Chandra's insights into SN 2023ixf

TL;DR

This study presents Chandra X-ray observations of SN 2023ixf, revealing details about circumstellar interaction, evolving absorption, and progenitor mass-loss history over years before explosion.

Contribution

First detailed X-ray analysis of SN 2023ixf showing circumstellar interaction, absorption evolution, and progenitor mass-loss rate, providing new insights into supernova environment and progenitor evolution.

Findings

Circumstellar absorption declines as t^{-2} then t^{-1}.

Unabsorbed X-ray luminosity decreases as t^{-1}.

Detection of Fe Kα line indicates cold material near the SN.

Abstract

We report Chandra-ACIS observations of SN 2023ixf in M101 on day 13 and 86 since the explosion. The X-rays in both epochs are characterized by high temperature plasma from the forward shocked region as a result of circumstellar interaction.
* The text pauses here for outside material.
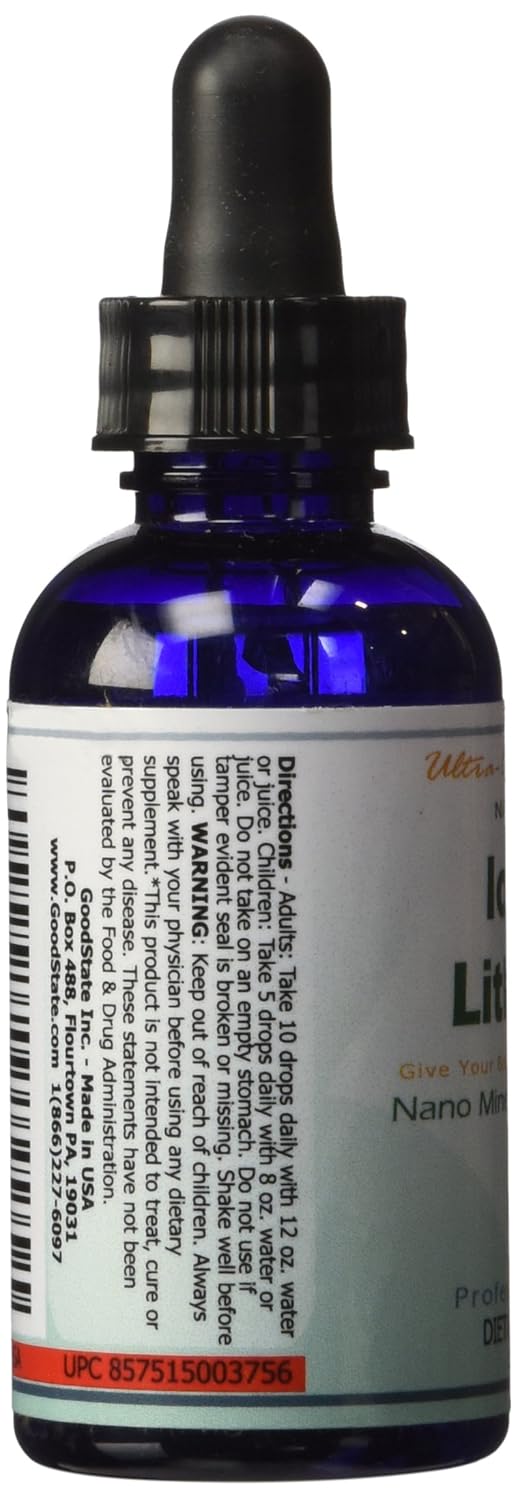 Amazon.com: Good State Liquid Ionic Lithium Ultra Concentrate - 10 ... Amazon.com: Good State Liquid Ionic Lithium Ultra Concentrate - 10 ...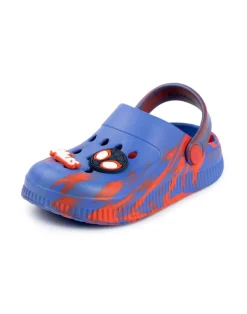 Marvel Spidey Kids Black Clogs (Younger 6-12 Older)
We are able to constrain the absorption column density at both Chandra epochs, which is much larger than that due to the Galactic and host absorption column, and we attribute it to absorption by the circumstellar matter in the immediate vicinity of SN 2023ixf. Combining our column density measurements with the published measurement on day 4, we show that the column density declines as $t^{-2}$ between day 4 to day 13 and then evolves as $t^{-1}$. The unabsorbed $0.3-10$ keV luminosity evolves as $t^{-1}$ during the Chandra epochs. On day 13 Chandra observation we detect the Fe K$\alpha$ fluorescent line at 6.4 keV indicating presence of cold material in the vicinity of the SN. The line is absent on day 86, consistent with the decreased column density by a factor of 7 between the two epochs. Our analysis indicates that during 10 years to 1.5 years before explosion, the progenitor was evolving with a constant mass-loss rate of $5.6\times 10^{-4}$ M$_\odot$ yr$^{-1}$.